No single nutrient does more to purify our bodies and prevent diseases than fiber. As important as fiber is, it remains largely misunderstood. Here’s some of the most common fiber facts and fallacies.
Fallacy: I get plenty of fiber, I have a salad everyday.
Fact: Salads are great sources of produce. We all should be focusing on getting plenty of produce from a variety of sources. Having said that, salads as typically made rarely provide more than a few grams of fiber. Most provide high amounts of saturated fats in the dressing and cheese and trans-fatty acids in the croutons. To order a healthy salad, hold the cheese and croutons, get vinaigrette on the side and add some beans.
Fallacy: I can’t eat high fiber foods like beans, they give me gas and bloating.
Fact: This definitely can happen initially. What is going on is that the fiber stimulates growth of specific strains of good bacteria. If you have too few of them, they kill off bad organisms in your intestines. This killing off process releases gas. When it comes to adding fiber, take it slowly. Even just add a tablespoon or two of beans to your food each day for a few weeks. Soon you’ll be able to thrive on high fiber foods without chasing away those around you!
Fallacy: I’m trying to lose weight so I’m staying away from grains.
Fact: While most of us get too much processed carbohydrates in our diets, numerous studies show that those who eat the most high fiber whole grains are the leanest. If weight loss is a goal, you still need grains but in the right amounts. Consume roughly 1/2 of a cup of brown rice, bulgar wheat, quinoa, barley or oatmeal with each meal.

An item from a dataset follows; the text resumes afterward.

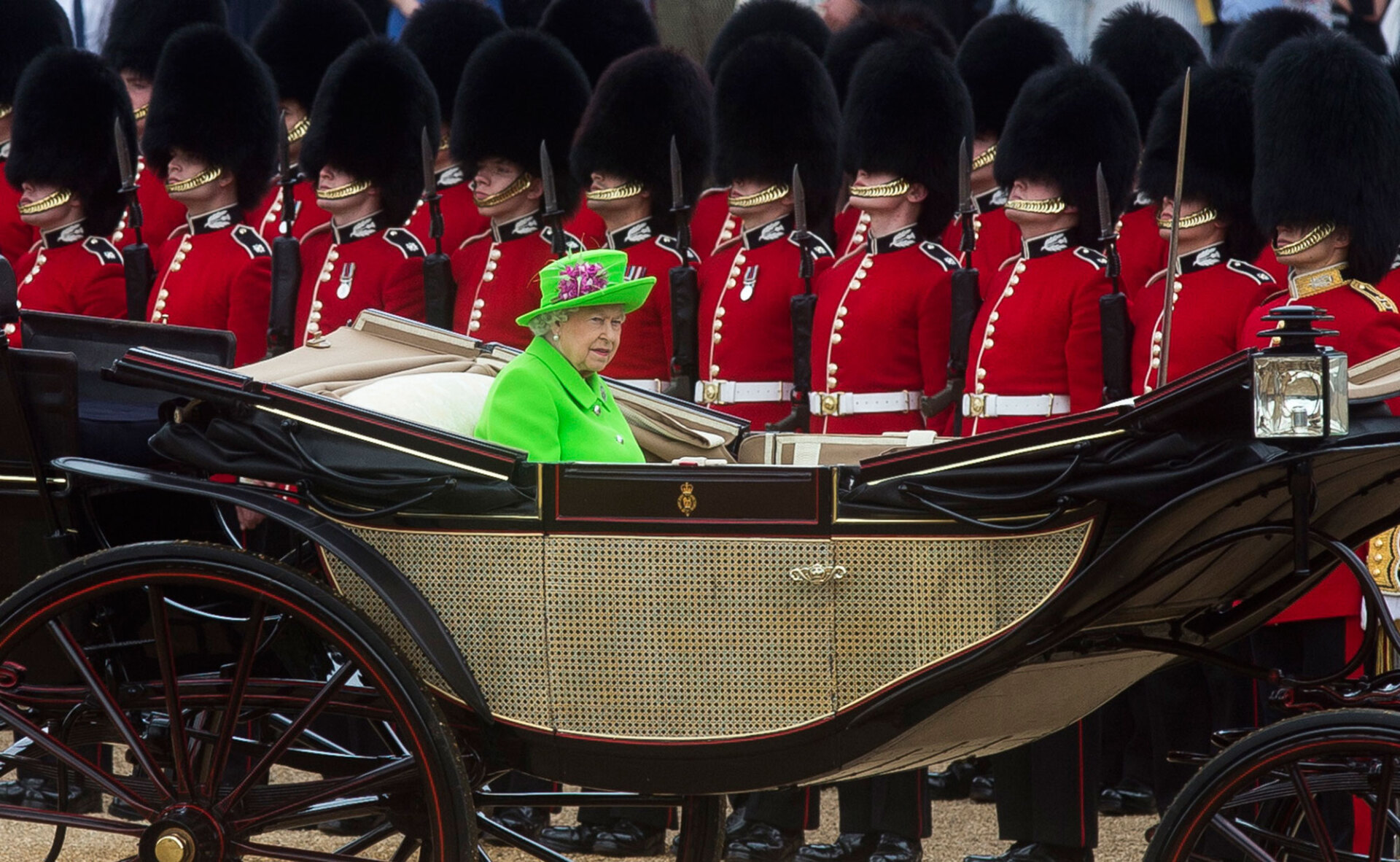 Μοντέρνα βασίλισσα: Η διπλωματία και το χρώμα ως πολιτική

Fallacy: High fiber foods taste bad!
Fact: Flavors in foods are carried by volatile aromatic compounds. These compounds are at their highest concentration in the germ of the grain. Think of a grain like an egg. The shell is the husk, the starch is the white and the germ is the yolk. Refined grains are just the starch, the complex flavors and aromas are lost in the refining process. Pick up a pound of organic basmati brown rice and a pound of plain white rice. Cook the white rice and notice the lack of aroma in the kitchen. Then try the basmati, the whole kitchen will smell like hot buttered popcorn. By the way, popcorn is also a whole grain!